RELIABILITY ASSESSMENT FOR THE BOOST-CONVERTER OF A SOLAR SYSTEM IN A DIRECT CURRENT MICROGRID

A direct current microgrid commonly takes power from solar systems and battery energy storage when disconnecting from the main grid. Accordingly, the dynamic or transient operation of the solar system can impact the reliability of the solar system’s boost converters. This research proposes a methodology to assess the reliability of those boost-converters under dynamic and fault conditions. To conduct the reliability analysis, we will formulate the dynamic-voltage-based failure rate and short-circuit-current-based failure rate for the solar system’s boost converter.
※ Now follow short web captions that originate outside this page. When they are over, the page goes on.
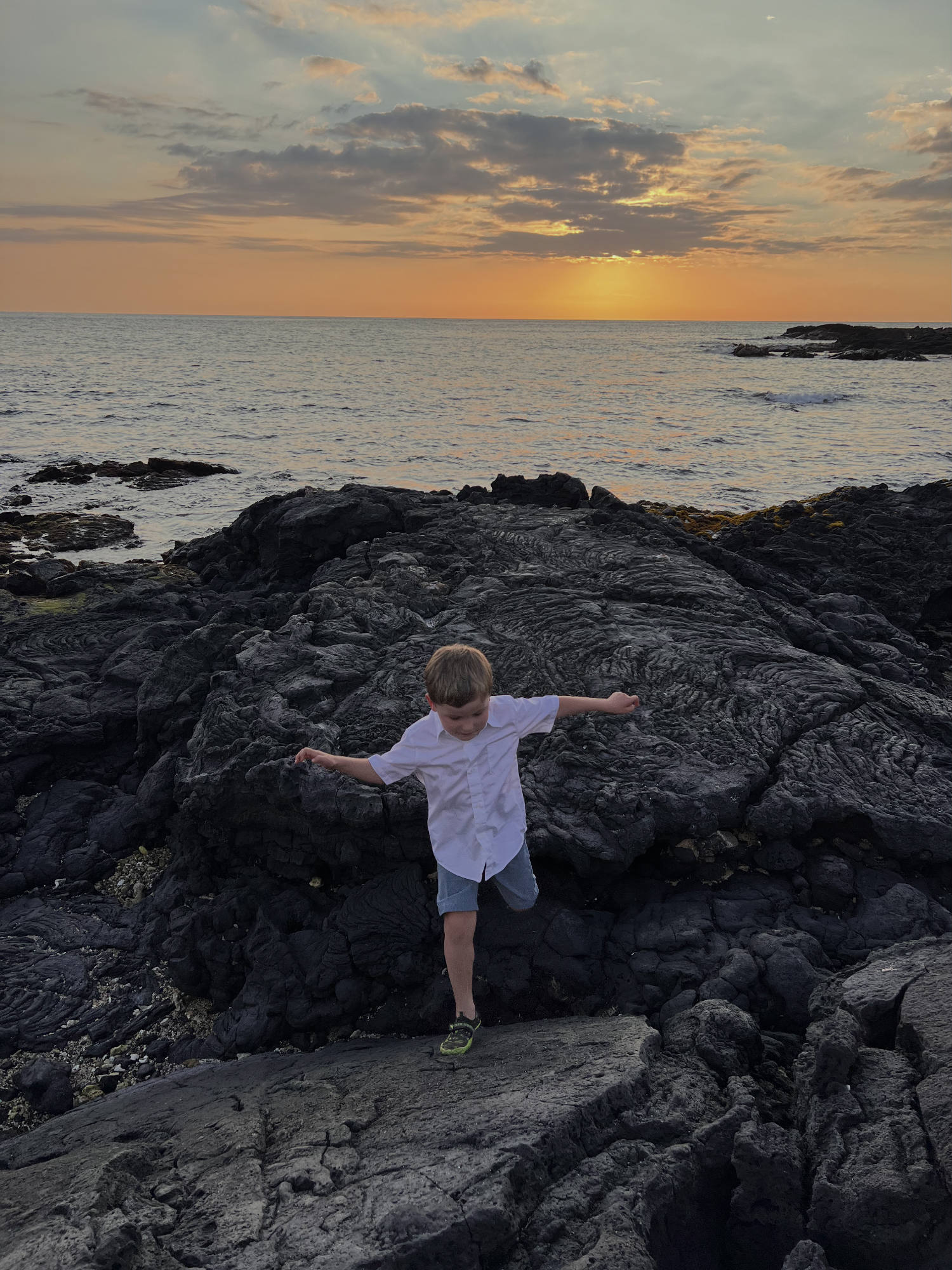 A young boy in a white shirt and blue shorts balances on one foot while navigating dark volcanic rock formations along a coastline. In the background, the sun sets over the ocean, casting a warm orange glow across the sky and water.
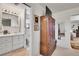 Bathroom featuring a vanity with lots of counter space, next to a walk-in closet with natural light at 8468 Chase Dr, Arvada, CO 80003
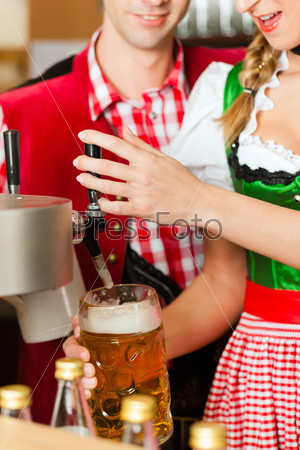 Young woman drawing beer in restaurant or pub, she is the innkeeper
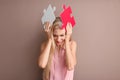 Troubled young woman with pieces of puzzle on color background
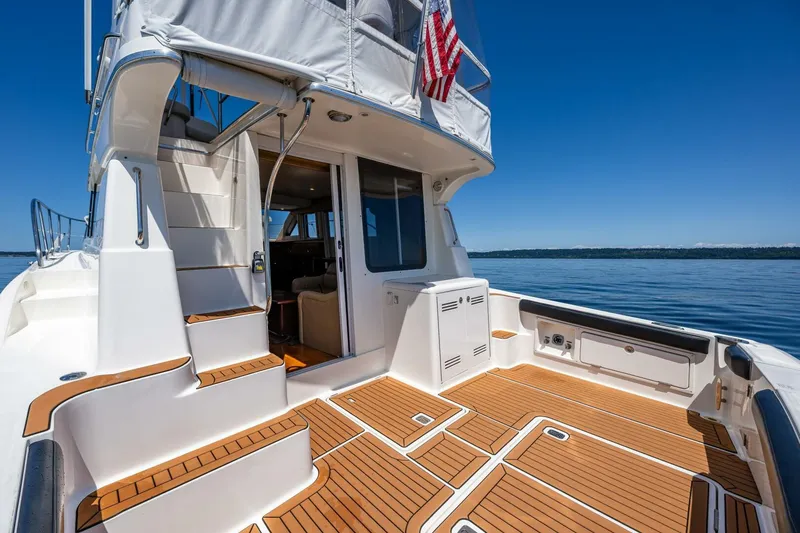 Slide: The Image of 2006 Silverton 42 Convertible yacht deck with teak flooring and American flag. - 7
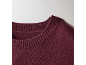 Detail des gerippten Rundhalsausschnitts eines bordeauxroten Strickpullovers.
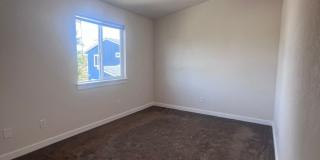 2 Bedroom 1 bath house with extra large double car garage and extra storage space! Gallery 12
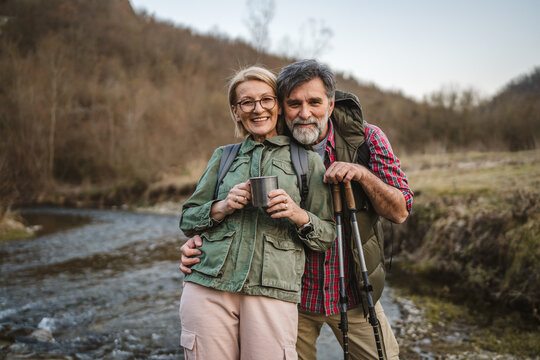 portrait of couple husband and wife hiker enjoy together in nature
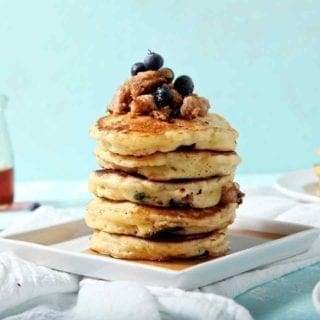 A stack of Blueberry Breakfast Sausage Pancakes sits on a square plate, covered in maple syrup.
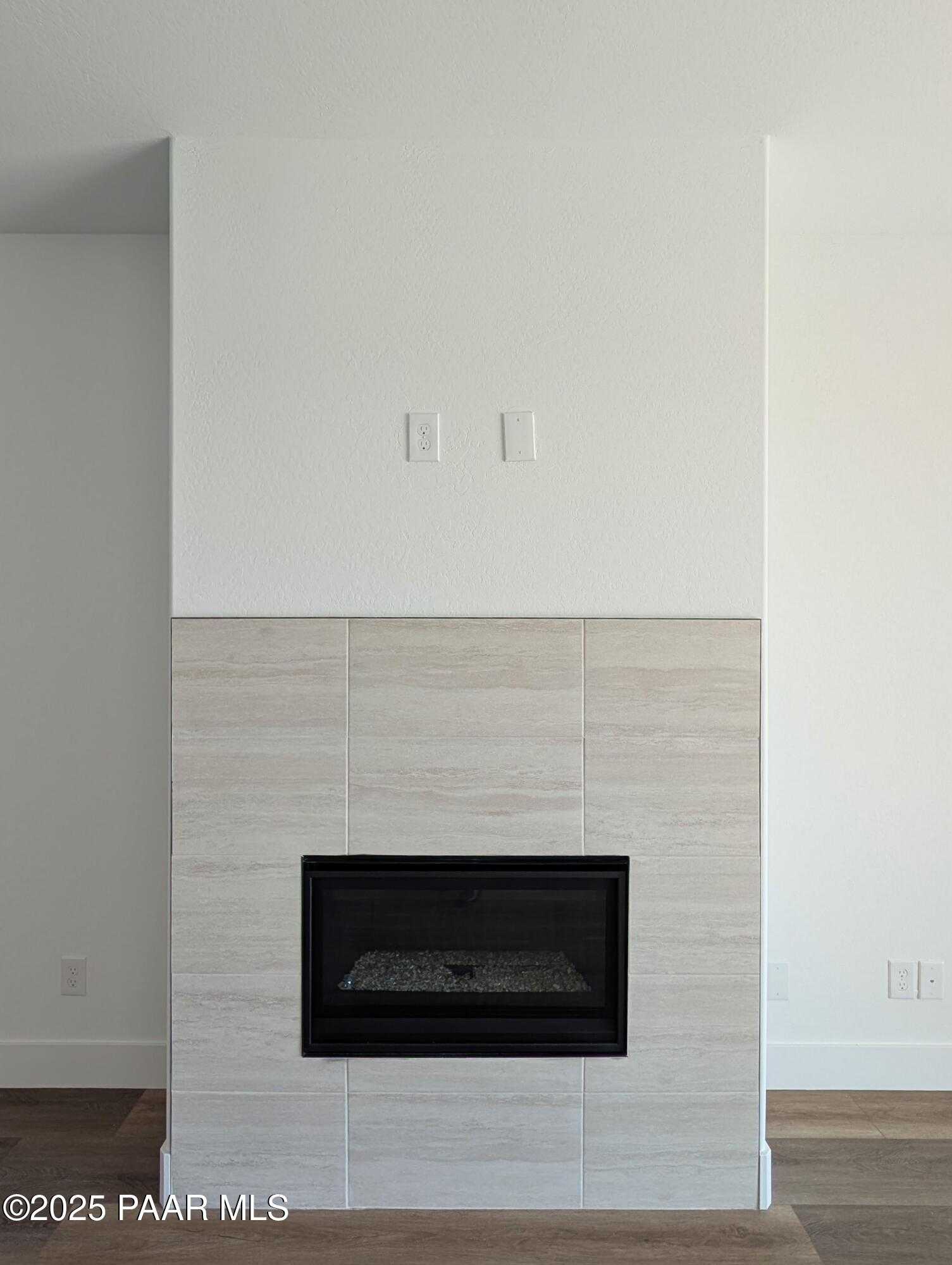 Modern gas fireplace with light neutral tile surround and hardwood floors in The Sheridan II F, Prescott, Arizona
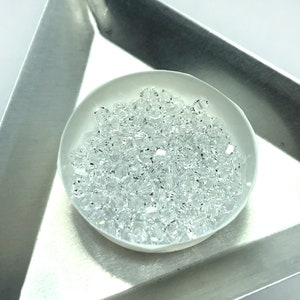 May include: A white bowl filled with clear glass beads. The beads are small and have a faceted shape.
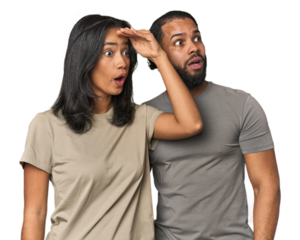 Young Latino couple in studio looking far away keeping hand on forehead.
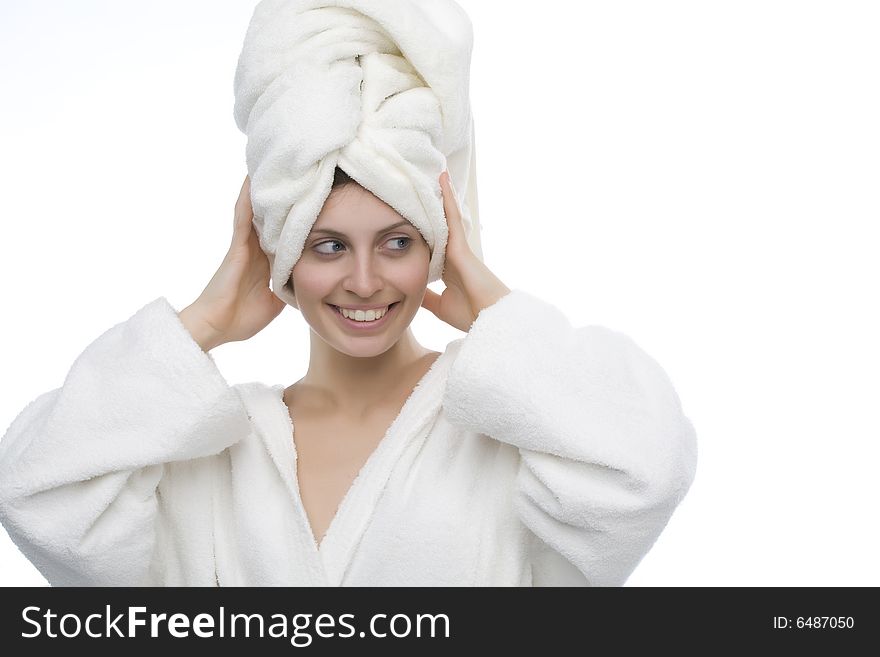 Young and smiling girl wearing a white bathrobe. Young and smiling girl wearing a white bathrobe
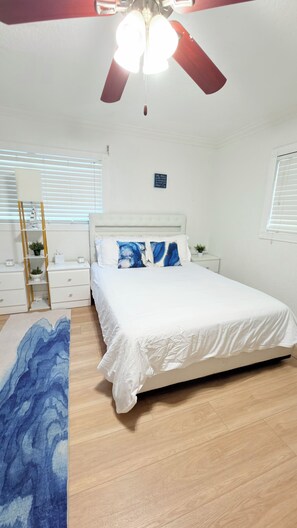 A bedroom with a bed, a nightstand, a dresser, a ceiling fan, and a window with blinds.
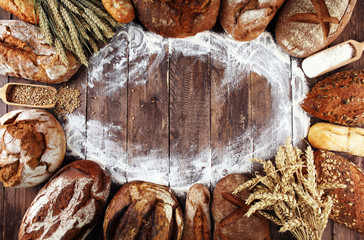 Different kinds of bread and bread rolls on board from above. Kitchen or bakery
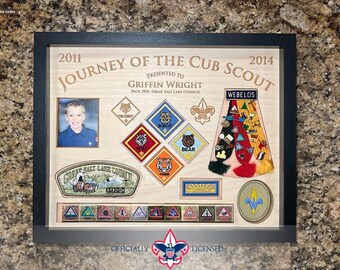 May include: Framed Cub Scout memorabilia display. Features a photo, badges, and text reading "2011 Journey of the Cub Scout 2014" and "Griffin Wright." Includes a black frame and the text "Officially Licensed."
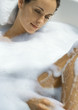 Woman taking bubble bath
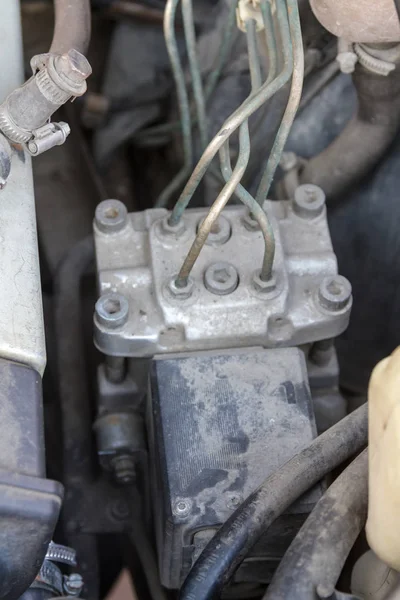 old ABS unit under the hood of the car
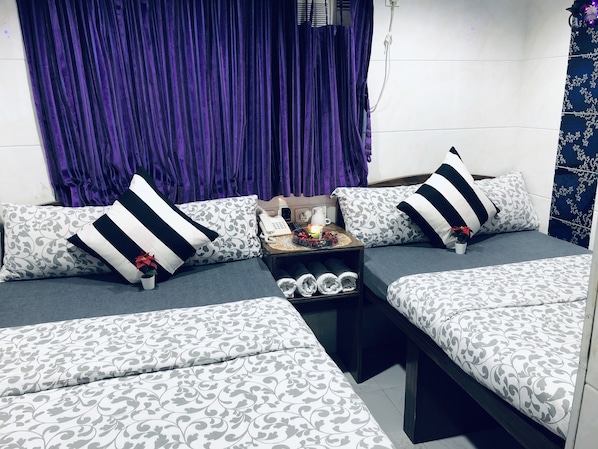 A modern living room with a sofa set, a small table with a phone and a candle, and a purple curtain. - Premium Lounge (Kowloon)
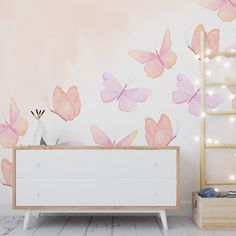 a white dresser sitting next to a wall with pink butterflies on it's side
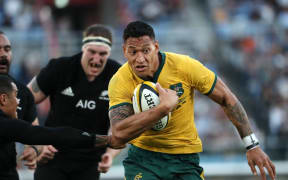 The Wallabies back Israel Folau in action against the All Blacks.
More explicitly, the evaluation of the reliability of both the solar system’s boost converter and each component relies on a novel amalgamation of the used-time-dependent failure rate, dynamic-voltage-based failure rate, and short-circuit-current-based failure rate, coupled with the utilization of a Markov-state transition methodology. The repeated occurrence of dynamic cases within the islanded direct current microgrid can significantly diminish the reliability of the solar system’s boost converter. Furthermore, the dynamic and transient cases in the LVDC microgrid can swiftly diminish two key indices: mean-time-to-failure and mean-time-between-failures of the solar system’s boost converter.